§ **Activity**: Leave out the pictures and output the data verbatim.

***** Material provided *****

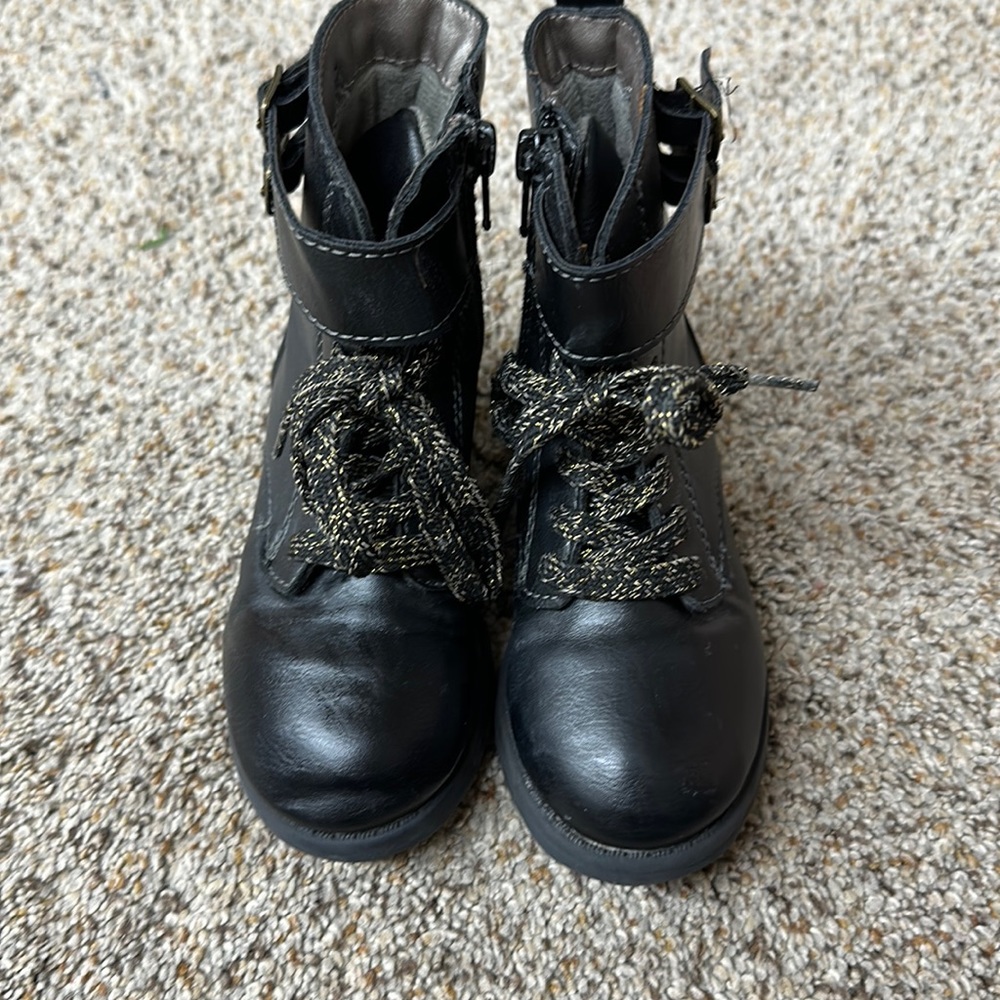 Carters size 9 boots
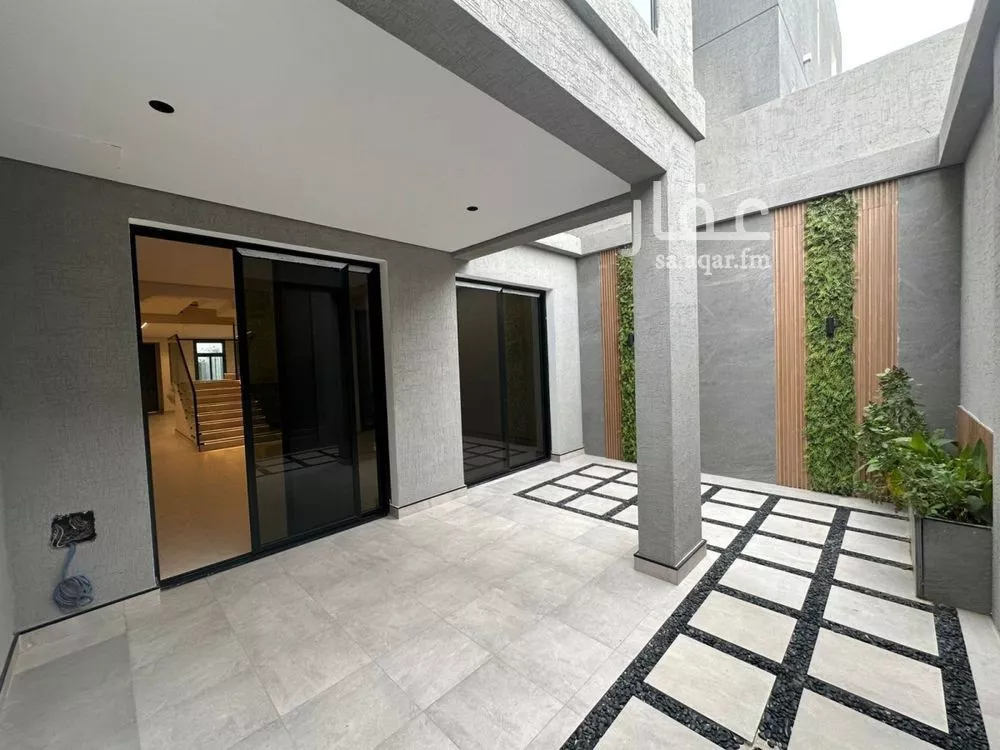 فيلا 6 غرف في الشراع 2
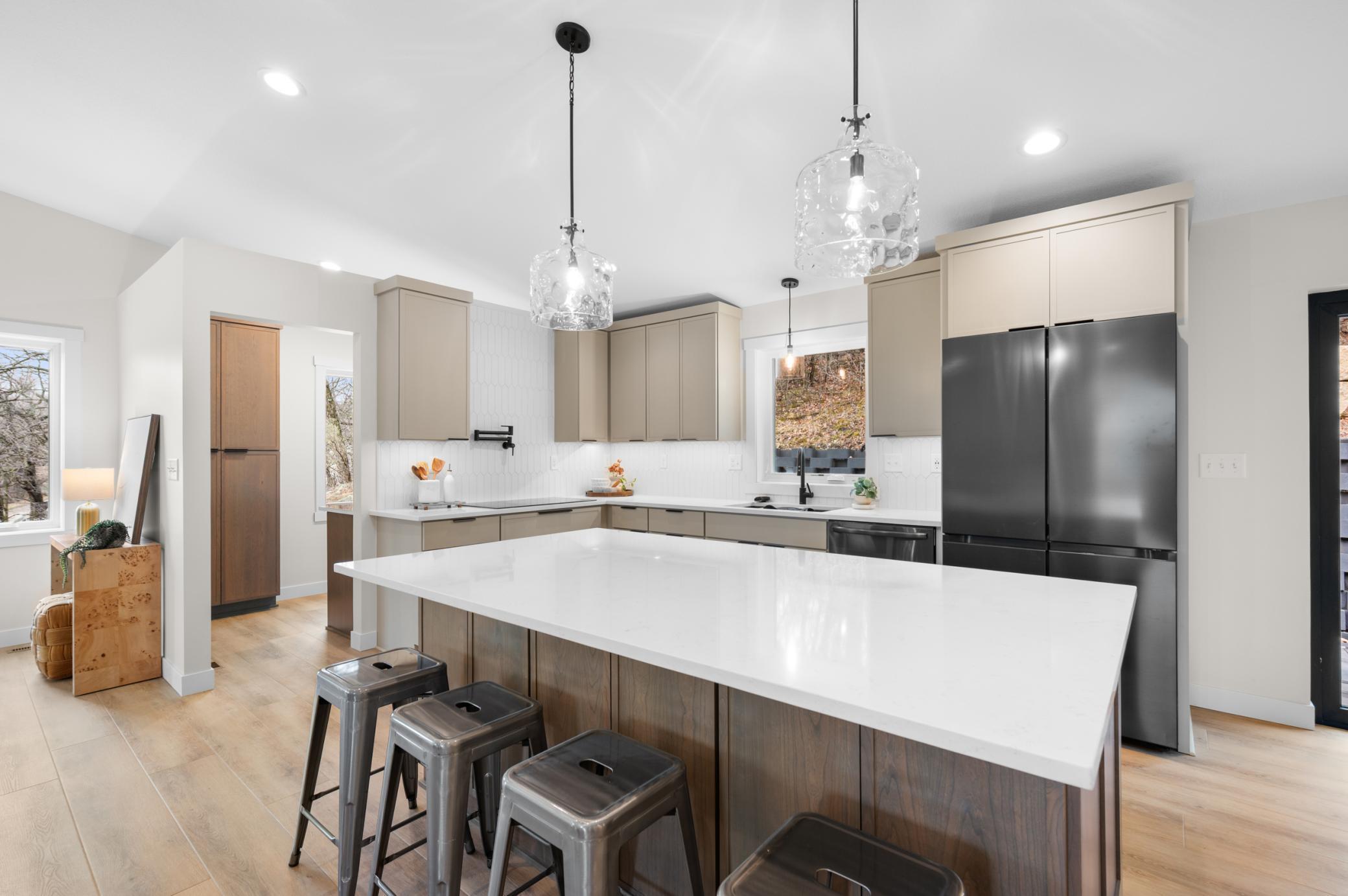 1810 Mayowood Road, Rochester, Minnesota image 12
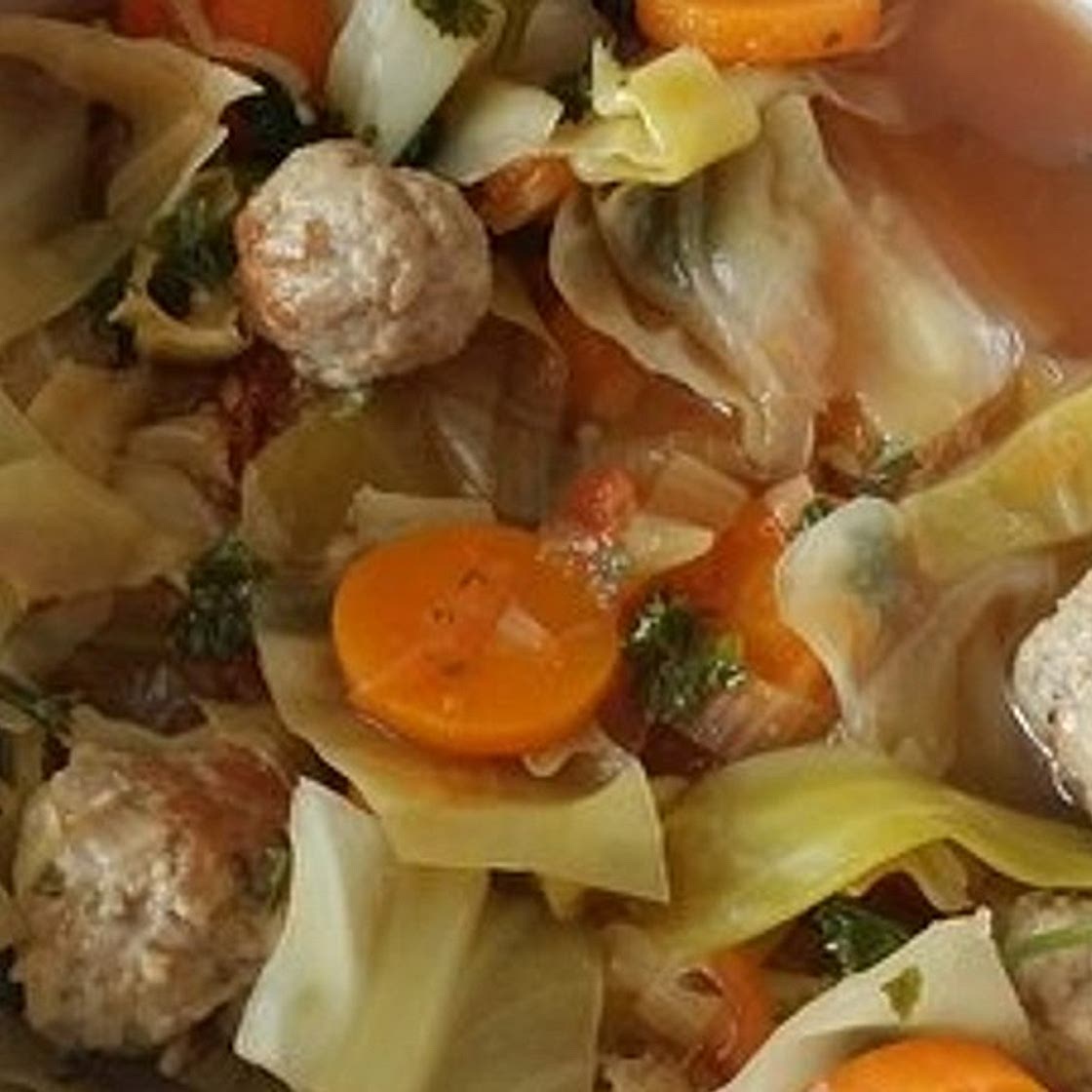 Kohlsuppe mit Hack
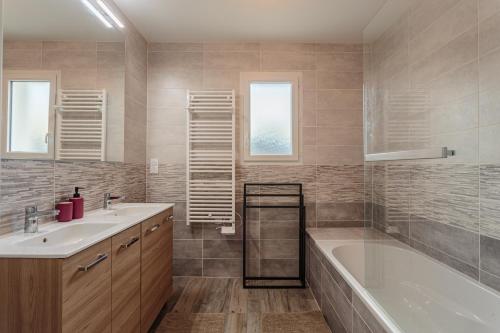 Fürdőszoba, Villa Kaino 1 - Climatisée avec jardin (Villa Kaino 1 - Climatisee avec jardin) in Ondres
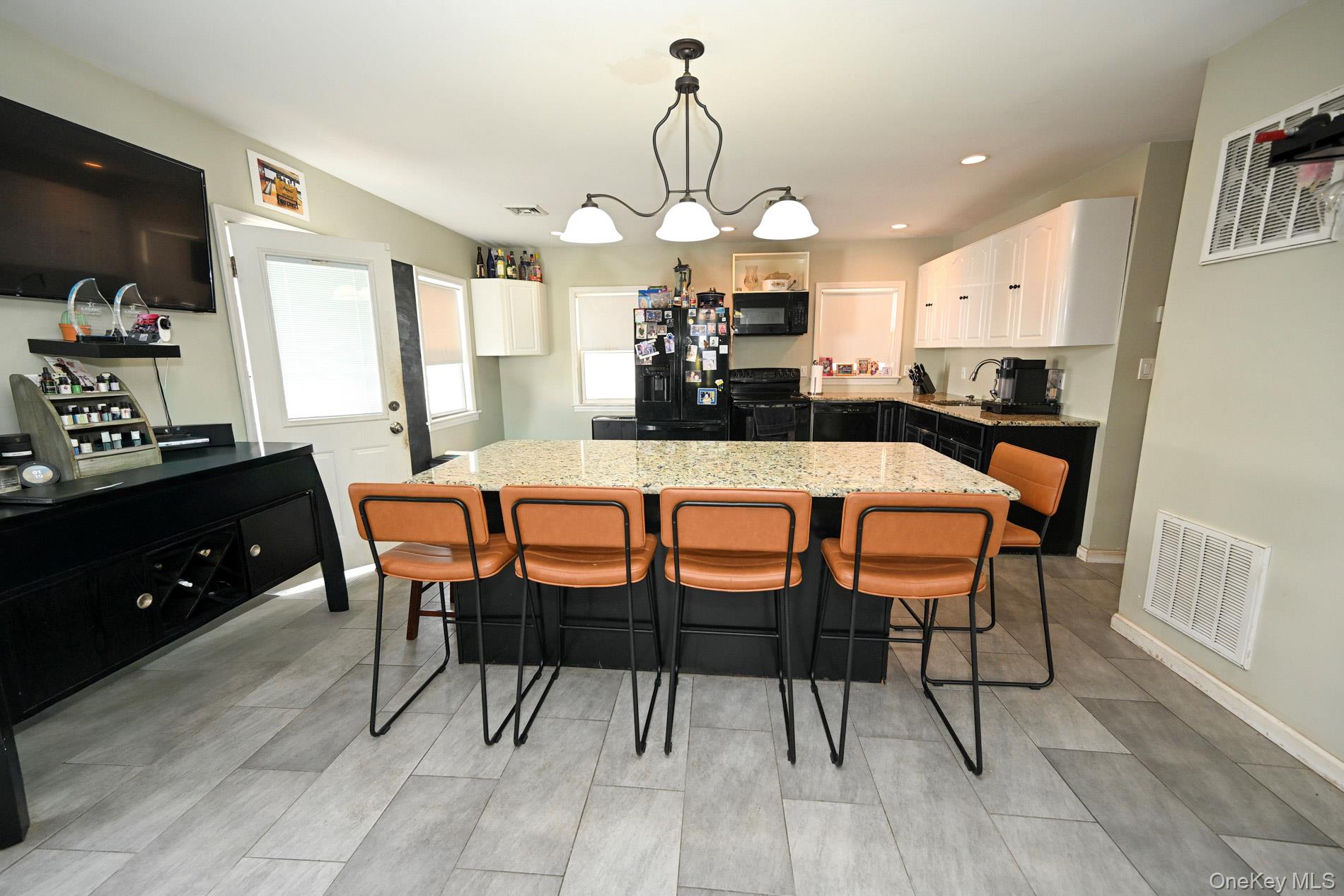 151 Nassau Boulevard — photo 2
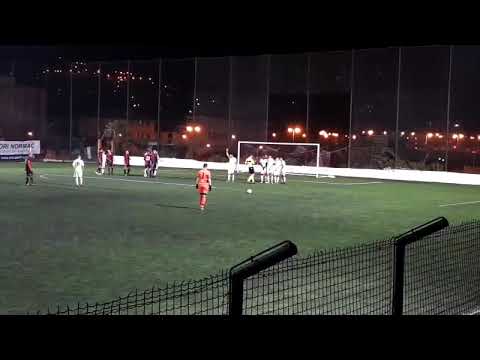CORALLO PORTIERE SEGNA IL GOL DEL 2-2 su punizione all’89º. Goliardica-Little club 2-2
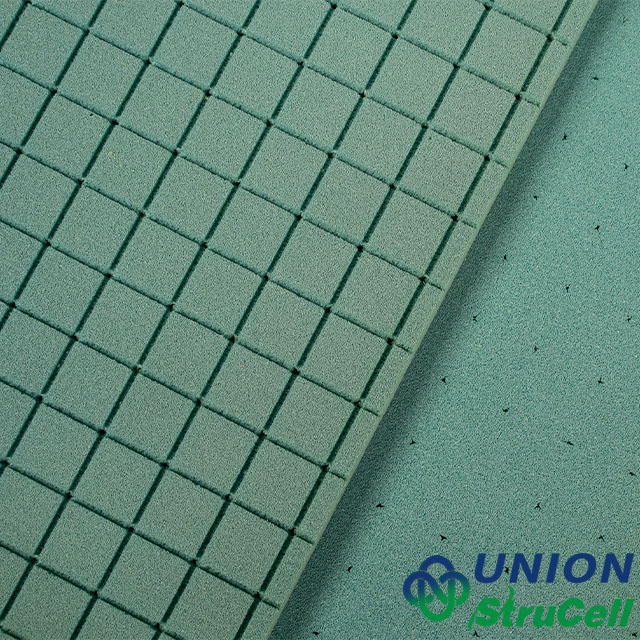 軽量キャンピングカー内装用の構造溝付き PVC 発泡ボード P130 (130kg/m3)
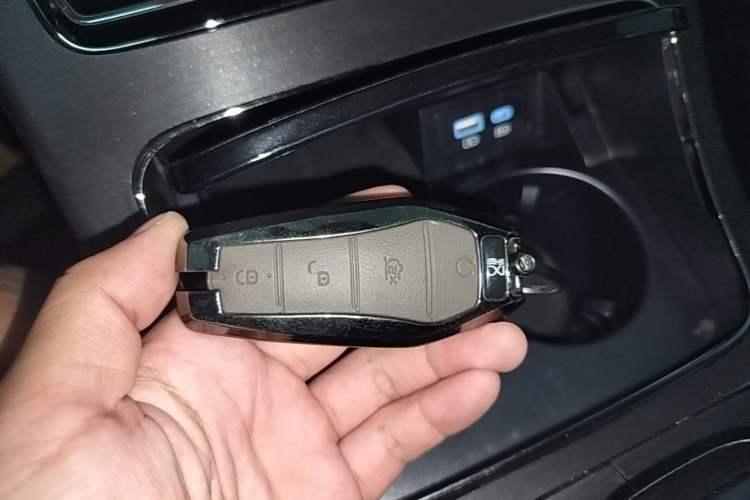 Used BYD Han 2024 DM-i Glory Edition 121KM Elite Model Vehicle Key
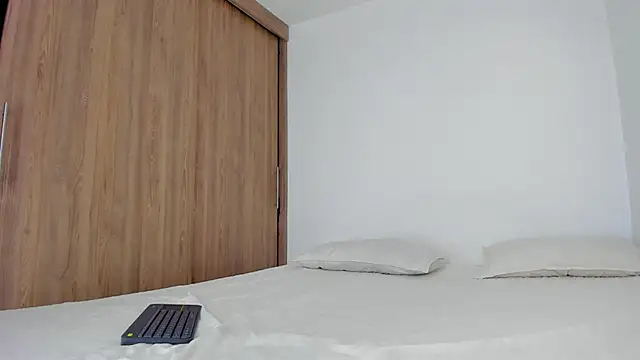 Snapshot of serge_7 chatting on 10-02-25, 08:05 serge 7 online show from 10-02-25, 08:05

*****

§ **Solution**:
 Carters size 9 boots
 فيلا 6 غرف في الشراع 2
 1810 Mayowood Road, Rochester, Minnesota image 12
 Kohlsuppe mit Hack
 Fürdőszoba, Villa Kaino 1 - Climatisée avec jardin (Villa Kaino 1 - Climatisee avec jardin) in Ondres
 151 Nassau Boulevard — photo 2
CORALLO PORTIERE SEGNA IL GOL DEL 2-2 su punizione all’89º. Goliardica-Little club 2-2
 軽量キャンピングカー内装用の構造溝付き PVC 発泡ボード P130 (130kg/m3)
 Used BYD Han 2024 DM-i Glory Edition 121KM Elite Model Vehicle Key
 Snapshot of serge_7 chatting on 10-02-25, 08:05 serge 7 online show from 10-02-25, 08:05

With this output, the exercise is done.